[Problem details]:
Would you transcribe the records below from the line with "357-078-460-278 CONN EDGE" to the line with "Target K-Flex Rot 2026 No.6", ends included, exactly and with nothing more, leaving the pictures out?

[Listed records]:
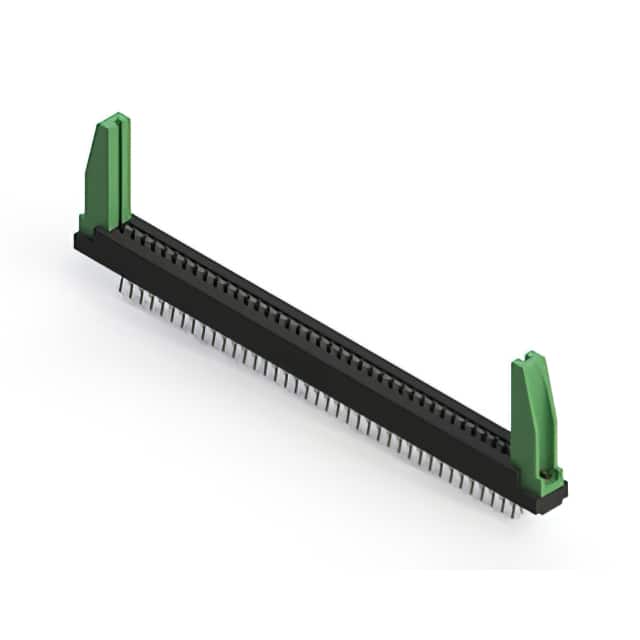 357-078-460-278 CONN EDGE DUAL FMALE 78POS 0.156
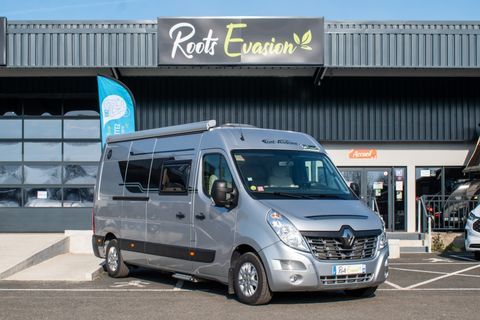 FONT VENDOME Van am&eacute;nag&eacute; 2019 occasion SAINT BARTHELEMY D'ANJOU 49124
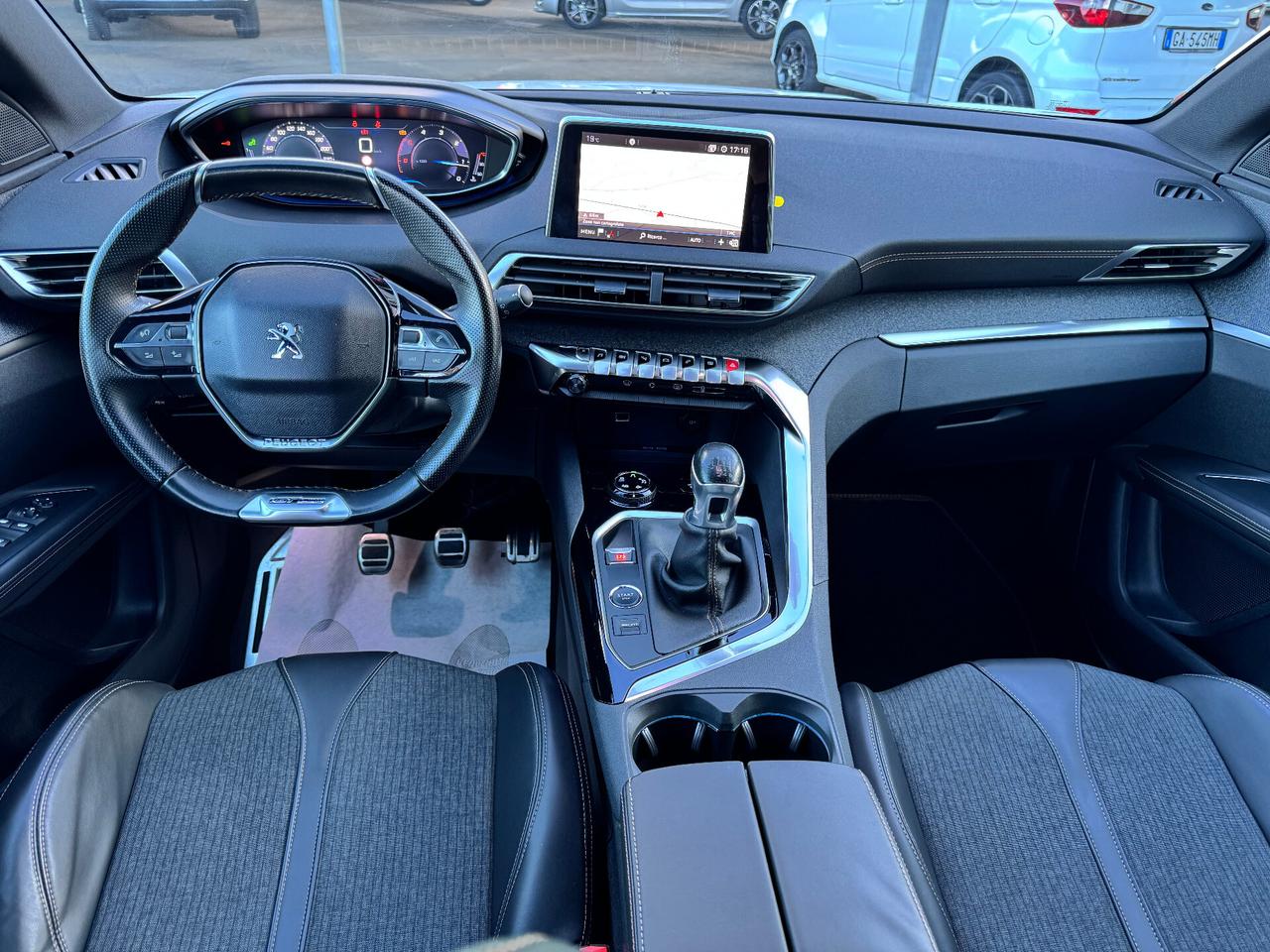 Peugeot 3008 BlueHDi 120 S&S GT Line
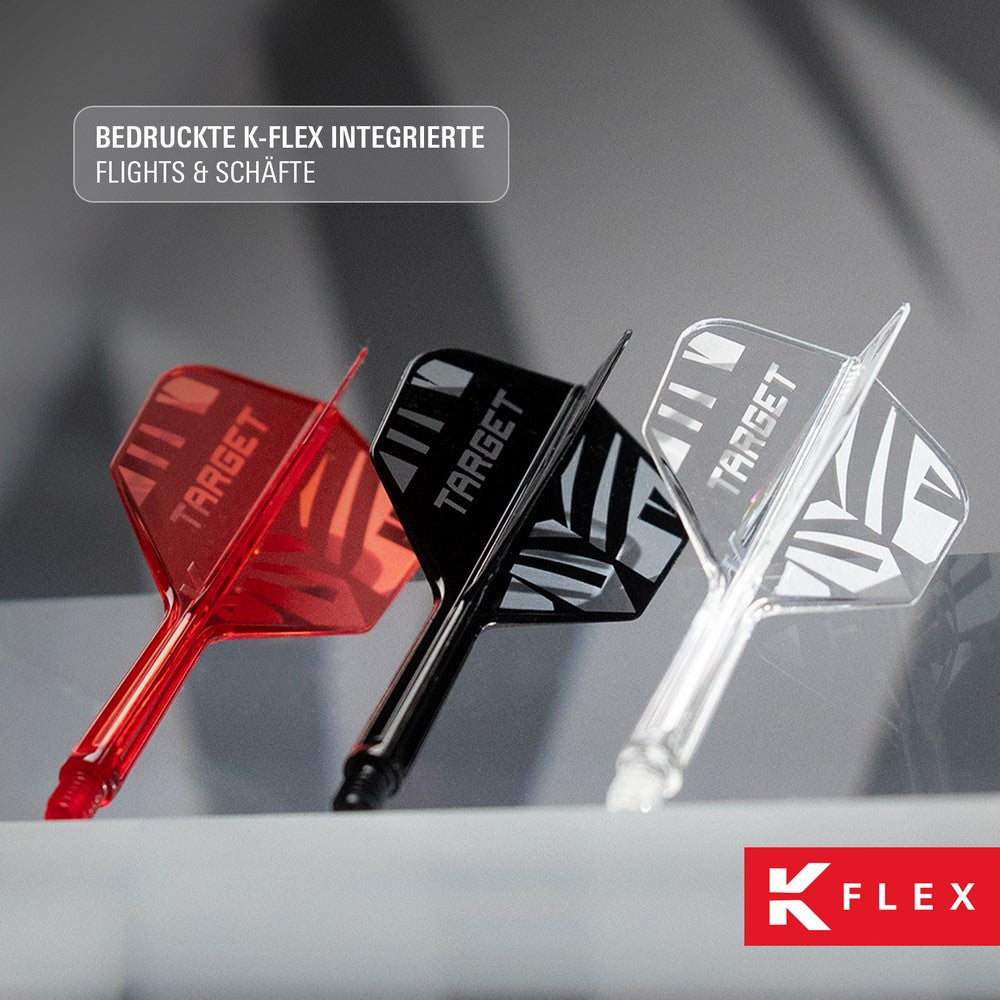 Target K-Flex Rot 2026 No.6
* * *
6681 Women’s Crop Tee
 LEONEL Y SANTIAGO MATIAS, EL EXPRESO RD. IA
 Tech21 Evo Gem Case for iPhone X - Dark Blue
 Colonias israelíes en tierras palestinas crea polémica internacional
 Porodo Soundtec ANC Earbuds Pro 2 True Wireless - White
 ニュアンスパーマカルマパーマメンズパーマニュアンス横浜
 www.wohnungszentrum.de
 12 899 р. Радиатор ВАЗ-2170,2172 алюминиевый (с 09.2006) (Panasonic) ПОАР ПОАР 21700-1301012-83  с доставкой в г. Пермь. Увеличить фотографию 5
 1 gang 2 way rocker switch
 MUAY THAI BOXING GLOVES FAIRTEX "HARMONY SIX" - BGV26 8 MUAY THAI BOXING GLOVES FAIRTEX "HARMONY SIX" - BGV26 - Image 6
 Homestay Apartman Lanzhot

[Output of the task]:
 357-078-460-278 CONN EDGE DUAL FMALE 78POS 0.156
 FONT VENDOME Van am&eacute;nag&eacute; 2019 occasion SAINT BARTHELEMY D'ANJOU 49124
 Peugeot 3008 BlueHDi 120 S&S GT Line
 Target K-Flex Rot 2026 No.6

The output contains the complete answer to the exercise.